Exercise aim.
Below are some records. Return exactly the lines from the one containing "Farm with a" through the one containing "A modern kitchen", both included, and only those.

======== Records

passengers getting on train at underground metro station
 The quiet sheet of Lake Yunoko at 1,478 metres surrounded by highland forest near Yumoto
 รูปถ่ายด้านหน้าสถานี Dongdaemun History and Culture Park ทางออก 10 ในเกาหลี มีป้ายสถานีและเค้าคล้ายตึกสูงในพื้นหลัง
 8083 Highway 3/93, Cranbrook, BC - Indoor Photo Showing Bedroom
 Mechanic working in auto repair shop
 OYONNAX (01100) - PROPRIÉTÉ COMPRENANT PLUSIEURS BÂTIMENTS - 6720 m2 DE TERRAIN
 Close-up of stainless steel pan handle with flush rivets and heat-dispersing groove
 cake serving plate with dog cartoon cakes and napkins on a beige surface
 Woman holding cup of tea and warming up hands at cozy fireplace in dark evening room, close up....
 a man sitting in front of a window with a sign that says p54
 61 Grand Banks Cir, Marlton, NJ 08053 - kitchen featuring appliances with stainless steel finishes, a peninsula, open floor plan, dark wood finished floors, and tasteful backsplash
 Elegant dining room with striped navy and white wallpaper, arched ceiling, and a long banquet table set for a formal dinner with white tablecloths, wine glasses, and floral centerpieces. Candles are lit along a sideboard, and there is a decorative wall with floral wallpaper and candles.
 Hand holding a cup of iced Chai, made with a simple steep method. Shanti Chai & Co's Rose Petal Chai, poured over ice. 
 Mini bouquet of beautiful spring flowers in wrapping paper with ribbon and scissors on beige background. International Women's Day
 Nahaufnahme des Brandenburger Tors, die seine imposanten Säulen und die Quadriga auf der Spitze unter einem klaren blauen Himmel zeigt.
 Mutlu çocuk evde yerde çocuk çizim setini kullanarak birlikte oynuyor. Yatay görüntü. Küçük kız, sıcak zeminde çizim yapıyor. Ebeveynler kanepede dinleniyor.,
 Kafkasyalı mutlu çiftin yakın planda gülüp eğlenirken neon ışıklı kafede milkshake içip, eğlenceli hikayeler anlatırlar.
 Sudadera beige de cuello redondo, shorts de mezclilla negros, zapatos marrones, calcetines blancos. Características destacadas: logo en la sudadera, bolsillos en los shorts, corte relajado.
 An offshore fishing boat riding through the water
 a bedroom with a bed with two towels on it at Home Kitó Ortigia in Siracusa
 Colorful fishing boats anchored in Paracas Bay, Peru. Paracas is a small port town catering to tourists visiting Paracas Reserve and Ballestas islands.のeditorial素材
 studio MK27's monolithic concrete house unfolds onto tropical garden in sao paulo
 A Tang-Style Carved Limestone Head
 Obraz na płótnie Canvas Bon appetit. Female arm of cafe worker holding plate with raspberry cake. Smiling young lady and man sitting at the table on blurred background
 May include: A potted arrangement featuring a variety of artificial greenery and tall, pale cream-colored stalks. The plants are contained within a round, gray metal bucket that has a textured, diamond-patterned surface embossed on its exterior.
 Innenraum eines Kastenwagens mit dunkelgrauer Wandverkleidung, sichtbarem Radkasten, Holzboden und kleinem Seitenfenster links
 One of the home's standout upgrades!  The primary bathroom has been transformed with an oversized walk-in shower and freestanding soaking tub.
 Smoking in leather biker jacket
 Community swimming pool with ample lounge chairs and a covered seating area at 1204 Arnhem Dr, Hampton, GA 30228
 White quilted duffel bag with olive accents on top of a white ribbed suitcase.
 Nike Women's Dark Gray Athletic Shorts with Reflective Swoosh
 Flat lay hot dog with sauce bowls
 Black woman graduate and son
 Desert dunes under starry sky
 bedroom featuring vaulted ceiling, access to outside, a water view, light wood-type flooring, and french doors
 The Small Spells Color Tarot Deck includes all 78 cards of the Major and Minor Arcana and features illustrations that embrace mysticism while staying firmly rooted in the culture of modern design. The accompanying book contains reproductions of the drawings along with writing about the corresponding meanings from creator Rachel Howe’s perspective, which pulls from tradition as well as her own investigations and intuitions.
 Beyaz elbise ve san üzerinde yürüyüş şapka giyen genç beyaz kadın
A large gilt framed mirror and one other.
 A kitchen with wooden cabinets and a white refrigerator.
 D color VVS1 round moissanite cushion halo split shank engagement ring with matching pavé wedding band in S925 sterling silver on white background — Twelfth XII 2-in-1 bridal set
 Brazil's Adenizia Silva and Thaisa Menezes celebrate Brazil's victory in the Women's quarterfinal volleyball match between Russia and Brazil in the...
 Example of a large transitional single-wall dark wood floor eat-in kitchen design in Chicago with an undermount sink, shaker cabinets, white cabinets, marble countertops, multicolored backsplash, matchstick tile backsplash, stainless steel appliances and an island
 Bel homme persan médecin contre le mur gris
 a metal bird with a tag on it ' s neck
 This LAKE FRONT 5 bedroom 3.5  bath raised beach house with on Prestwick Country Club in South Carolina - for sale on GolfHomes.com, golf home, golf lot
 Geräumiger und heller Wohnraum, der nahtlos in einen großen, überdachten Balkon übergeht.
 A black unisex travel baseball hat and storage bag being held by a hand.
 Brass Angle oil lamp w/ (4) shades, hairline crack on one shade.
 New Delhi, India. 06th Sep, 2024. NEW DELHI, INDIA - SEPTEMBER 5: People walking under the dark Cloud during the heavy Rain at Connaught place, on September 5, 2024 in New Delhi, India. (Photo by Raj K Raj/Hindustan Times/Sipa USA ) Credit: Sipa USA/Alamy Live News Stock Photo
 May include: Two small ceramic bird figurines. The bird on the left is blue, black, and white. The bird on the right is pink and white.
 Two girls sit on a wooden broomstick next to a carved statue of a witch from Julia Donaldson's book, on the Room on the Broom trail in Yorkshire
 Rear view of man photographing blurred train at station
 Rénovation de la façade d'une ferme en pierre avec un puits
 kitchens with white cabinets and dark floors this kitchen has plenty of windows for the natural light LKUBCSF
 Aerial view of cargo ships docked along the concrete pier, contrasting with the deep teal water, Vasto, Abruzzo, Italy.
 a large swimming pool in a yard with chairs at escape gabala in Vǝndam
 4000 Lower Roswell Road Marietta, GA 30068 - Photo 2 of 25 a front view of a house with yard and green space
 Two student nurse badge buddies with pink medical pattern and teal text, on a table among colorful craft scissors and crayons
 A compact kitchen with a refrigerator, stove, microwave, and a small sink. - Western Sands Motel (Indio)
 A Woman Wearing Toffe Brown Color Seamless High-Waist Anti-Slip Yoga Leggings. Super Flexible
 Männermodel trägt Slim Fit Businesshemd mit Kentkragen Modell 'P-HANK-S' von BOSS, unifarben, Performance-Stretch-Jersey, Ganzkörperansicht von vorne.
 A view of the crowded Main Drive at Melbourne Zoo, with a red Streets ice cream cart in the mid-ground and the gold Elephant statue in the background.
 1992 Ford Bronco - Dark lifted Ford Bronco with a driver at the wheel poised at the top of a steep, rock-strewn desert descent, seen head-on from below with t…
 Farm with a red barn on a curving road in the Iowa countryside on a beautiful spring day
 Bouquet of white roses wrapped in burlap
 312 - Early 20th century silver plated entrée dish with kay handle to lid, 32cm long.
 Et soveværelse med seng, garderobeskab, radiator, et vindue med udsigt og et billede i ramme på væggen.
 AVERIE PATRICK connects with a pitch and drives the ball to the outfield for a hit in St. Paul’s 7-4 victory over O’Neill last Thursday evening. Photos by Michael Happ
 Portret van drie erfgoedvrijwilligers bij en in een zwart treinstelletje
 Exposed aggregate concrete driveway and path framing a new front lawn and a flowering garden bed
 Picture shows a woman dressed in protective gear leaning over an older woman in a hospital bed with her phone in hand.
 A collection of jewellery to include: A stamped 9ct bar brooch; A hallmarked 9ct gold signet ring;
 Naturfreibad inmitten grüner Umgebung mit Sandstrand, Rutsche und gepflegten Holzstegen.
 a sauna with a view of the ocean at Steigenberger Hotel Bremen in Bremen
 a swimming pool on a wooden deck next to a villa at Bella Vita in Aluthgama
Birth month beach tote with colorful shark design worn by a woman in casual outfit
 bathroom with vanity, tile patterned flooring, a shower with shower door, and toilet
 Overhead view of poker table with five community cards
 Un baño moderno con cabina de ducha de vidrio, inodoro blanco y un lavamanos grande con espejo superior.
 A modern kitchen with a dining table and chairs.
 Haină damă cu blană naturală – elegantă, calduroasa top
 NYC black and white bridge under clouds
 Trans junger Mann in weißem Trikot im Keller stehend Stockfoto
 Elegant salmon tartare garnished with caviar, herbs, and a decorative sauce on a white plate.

================

Result of this task.
 Farm with a red barn on a curving road in the Iowa countryside on a beautiful spring day
 Bouquet of white roses wrapped in burlap
 312 - Early 20th century silver plated entrée dish with kay handle to lid, 32cm long.
 Et soveværelse med seng, garderobeskab, radiator, et vindue med udsigt og et billede i ramme på væggen.
 AVERIE PATRICK connects with a pitch and drives the ball to the outfield for a hit in St. Paul’s 7-4 victory over O’Neill last Thursday evening. Photos by Michael Happ
 Portret van drie erfgoedvrijwilligers bij en in een zwart treinstelletje
 Exposed aggregate concrete driveway and path framing a new front lawn and a flowering garden bed
 Picture shows a woman dressed in protective gear leaning over an older woman in a hospital bed with her phone in hand.
 A collection of jewellery to include: A stamped 9ct bar brooch; A hallmarked 9ct gold signet ring;
 Naturfreibad inmitten grüner Umgebung mit Sandstrand, Rutsche und gepflegten Holzstegen.
 a sauna with a view of the ocean at Steigenberger Hotel Bremen in Bremen
 a swimming pool on a wooden deck next to a villa at Bella Vita in Aluthgama
Birth month beach tote with colorful shark design worn by a woman in casual outfit
 bathroom with vanity, tile patterned flooring, a shower with shower door, and toilet
 Overhead view of poker table with five community cards
 Un baño moderno con cabina de ducha de vidrio, inodoro blanco y un lavamanos grande con espejo superior.
 A modern kitchen with a dining table and chairs.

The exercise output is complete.